In the following guest post, Francis Kean, Executive Director FINEX Willis Towers Watson, take a look at an interesting and arguably surprising recent U.K. judicial decision in which a supermarket chain was held liable for the unauthorized Internet disclosure of its employees’ personal data. Francis has some interesting observations about the decision’s possible implications as well. A version of this article previously was published on the Willis Towers Watson Wire blog (here). I would like to thank Francis for allowing me to publish his article as a guest post. I welcome guest post submissions from responsible authors on topics of interest to this blog’s readers. Please contact me directly if you would like to submit a guest post. Here is Francis’s article:
You would think that if a company was found both by the relevant regulatory authorities and by the courts to have taken all reasonable steps to protect personal data, it would have a complete answer to a data breach claim. Not so. That was the surprising (to some) outcome of a recent Court of Appeal decision claim in a case concerning a well-known UK supermarket chain. The judgment can be found here. The implications of this case for all companies and for the boards which preside over them should not be ignored.

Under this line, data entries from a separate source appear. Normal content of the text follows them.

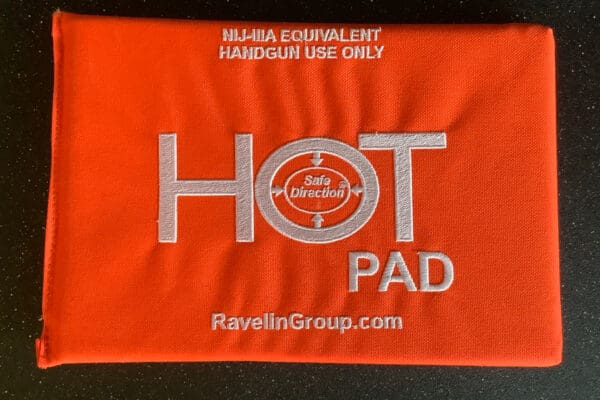 A red towel with the words " hot pad " written on it.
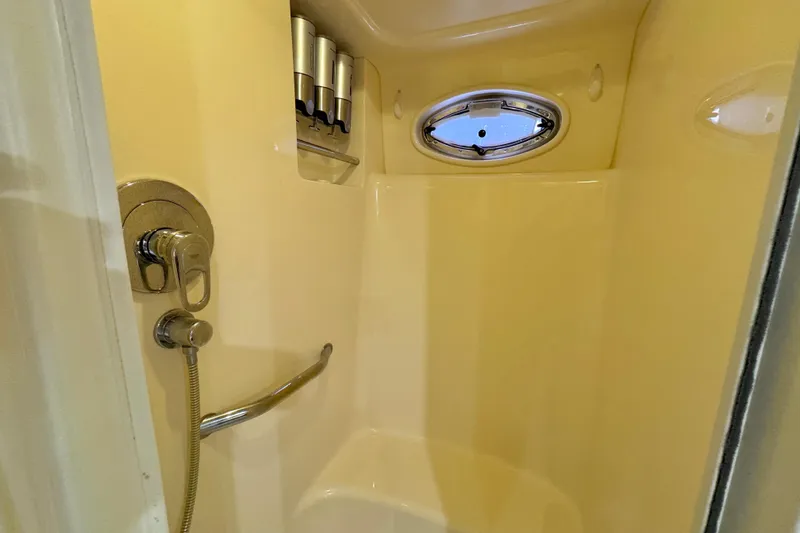Slide: The Image of Shower area in 2006 Sea Ray 40 Motor Yacht with porthole and dispensers. - 59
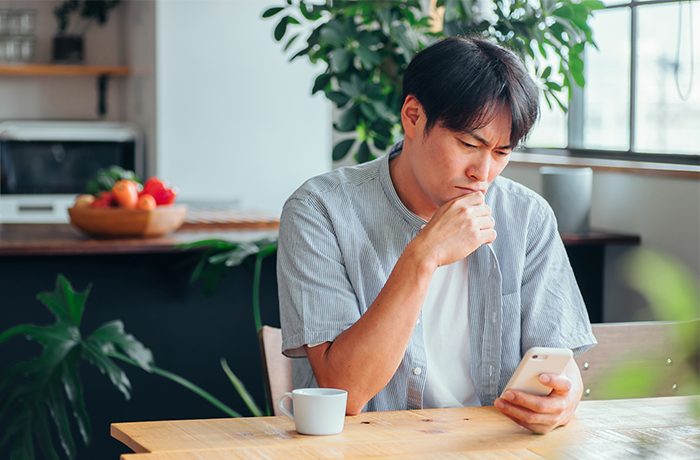 虫歯になり不安でスマホで調べる男性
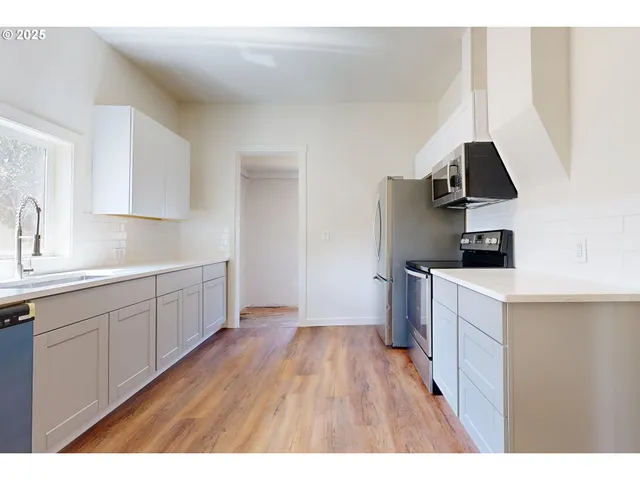 a kitchen with a sink and a stove top oven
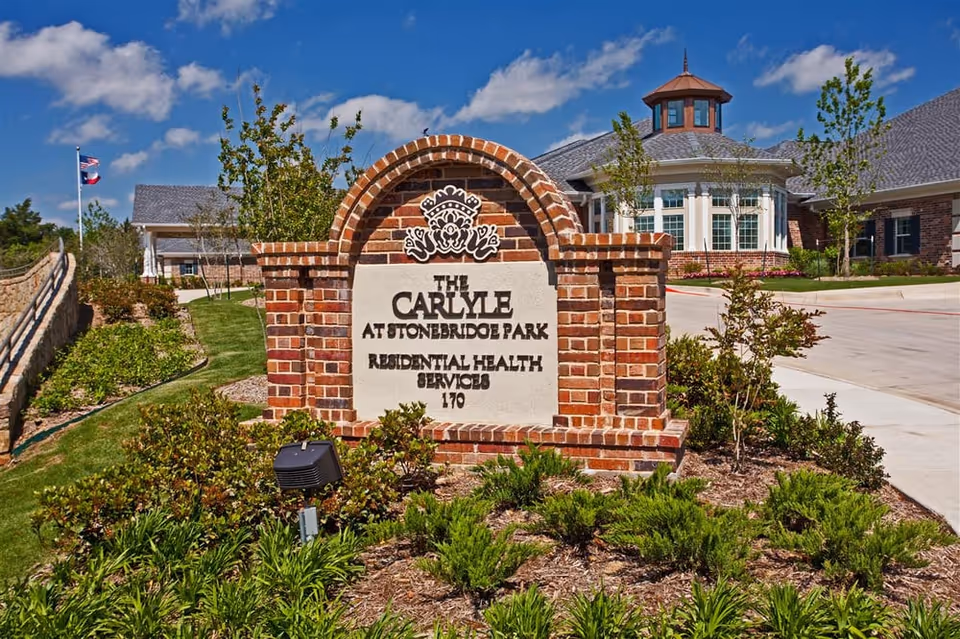 Brick entrance sign reading "The Carlyle at Stonebridge Park Residential Health Services" in front of the facility building under a blue sky.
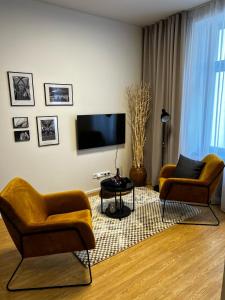 ein Wohnzimmer mit 2 Stühlen und einem Flachbild-TV in der Unterkunft Home Heart of the center of Brno - Koliště Passage in Brünn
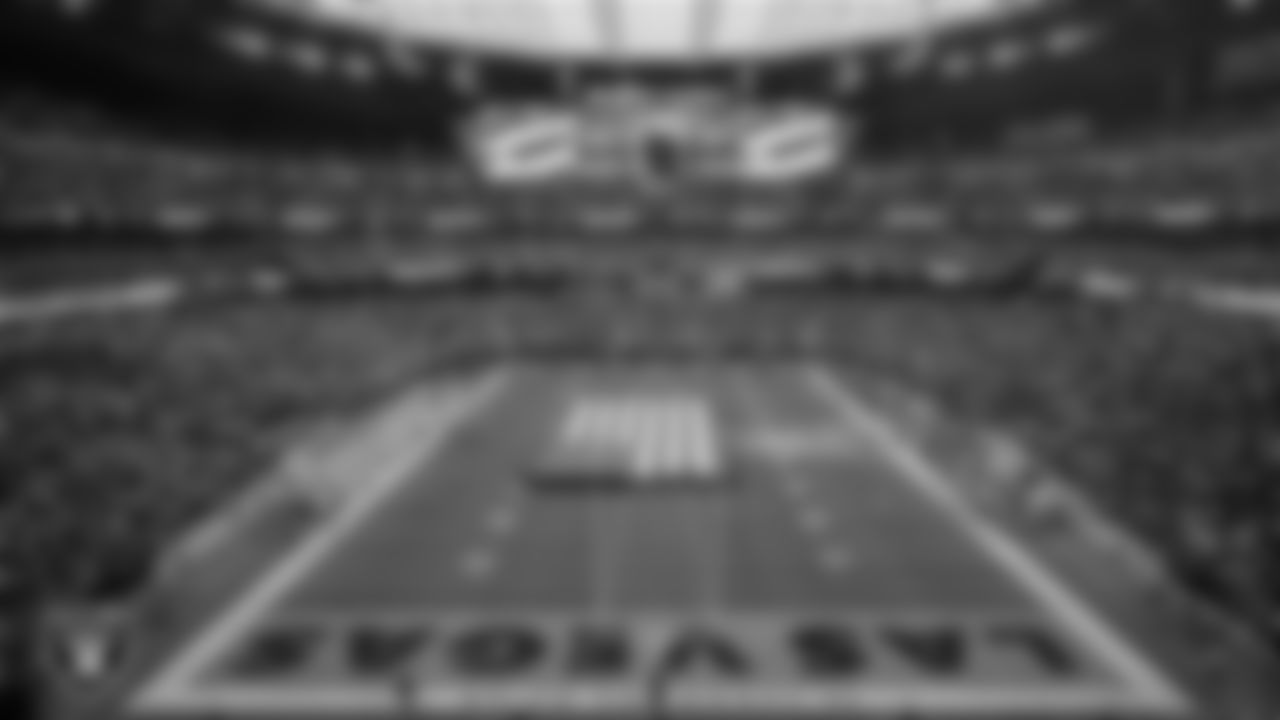 The American flag is displayed by Personal Seat License (PSL) holders on the field during the national anthem before the Las Vegas Raiders' regular season home game against the Kansas City Chiefs at Allegiant Stadium.
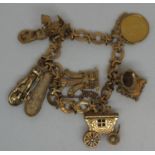 A yellow metal charm bracelet with five 9ct gold charms and an 1887 gold half sovereign. Approx
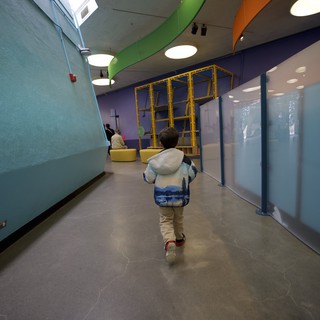 Child Exploring Colorful Modern Play Space Corridor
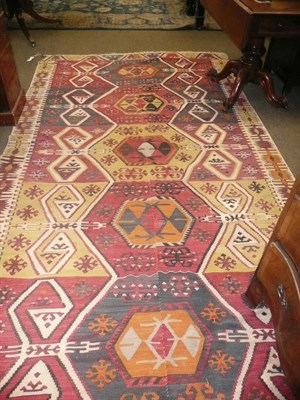 Lot 671 - Anatolian Kilim, the polychrome field with seven linked hexagons enclosed by serrated leaf borders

The facts are stark. One of the supermarket’s senior employees deliberately copied the personal data of nearly 100,000 employees onto a personal USB stick. Some months later (at his own home) he posted all this personal data on a file sharing website. The supermarket was alerted and the website was taken down. The ex-employee was later prosecuted and jailed for 8 years for offences under the Computer Misuse Act 1990 and the Data Protection Act 1998. Some 5,500 of the affected employees then joined group litigation against the supermarket in the UK High Court alleging against it both primary and vicarious liability for: (i) misuse of private information; (ii) breach of confidence; and, (iii) breach of the Data Protection Act. (The case relates to an era before the introduction of GDPR)
Primary and Vicarious Liability
The Court cleared the company of primary liability on the basis that it had not itself breached any of the data protection principles (except in one respect which was not causative of any loss). The direct claim against it for misuse of private information and breach of confidentiality also failed. By contrast, the Court found the company vicariously liable for all of the criminal actions of its former employee. It was on this limb of the High Court’s decision that the supermarket appealed.
One of the principal grounds of appeal was that because the former employee’s conduct had occurred outside the scope of his employment, the company could not and should not be held liable. The Court of Appeal found that because the employee was specifically entrusted with payroll data, there was a sufficient connection between his authorised tasks and the wrongful acts perpetrated by him. It held that “there was an unbroken thread that linked his work to the disclosure: what happened was a seamless and continuous sequence of events“.
Public Policy Considerations
The Court of Appeal specifically rejected the public policy based argument run by the supermarket that vicarious liability in similar scenarios imposes a disproportionate burden on supposedly “innocent” employers. It said:
“There have been many instances reported in the media in recent years of data breaches on a massive scale caused by either corporate system failures or negligence by individuals acting in the course of their employment. These might, depending on the facts, lead to a large number of claims against the relevant company for potentially ruinous amounts. The solution is to insure against such catastrophes; and employers can likewise insure against losses caused by dishonest or malicious employees. We have not been told what the insurance position is in the present case, and of course it cannot affect the result. The fact of a defendant being insured is not a reason for imposing liability, but the availability of insurance is a valid answer to the Doomsday or Armageddon arguments put forward…”(emphasis added)
Failure to Insure
The obvious public policy consideration behind the doctrine of vicarious liability is to provide a means of compensating innocent victims of corporate activity in circumstances where the company’s employees responsible for the relevant conduct do not have sufficiently deep pockets. It is interesting that the Court of Appeal’s answer to the countervailing policy consideration that “innocent” companies will be unfairly punished by the application of the principle is (in large part) the assumed availability of adequate and relevant insurance. In principle, both the losses which the supermarket chain suffered and those in respect of which it was being sued are probably insurable under a cyber policy but the question as to the availability and cost of such insurance are more open.
How long will we have to wait before we see an inventive claimants’ lawyer making the case based on the Court of Appeal’s conclusion that that the negligent failure by a company’s board to take out adequate insurance to protect a company from this form of no fault liability has caused it damage?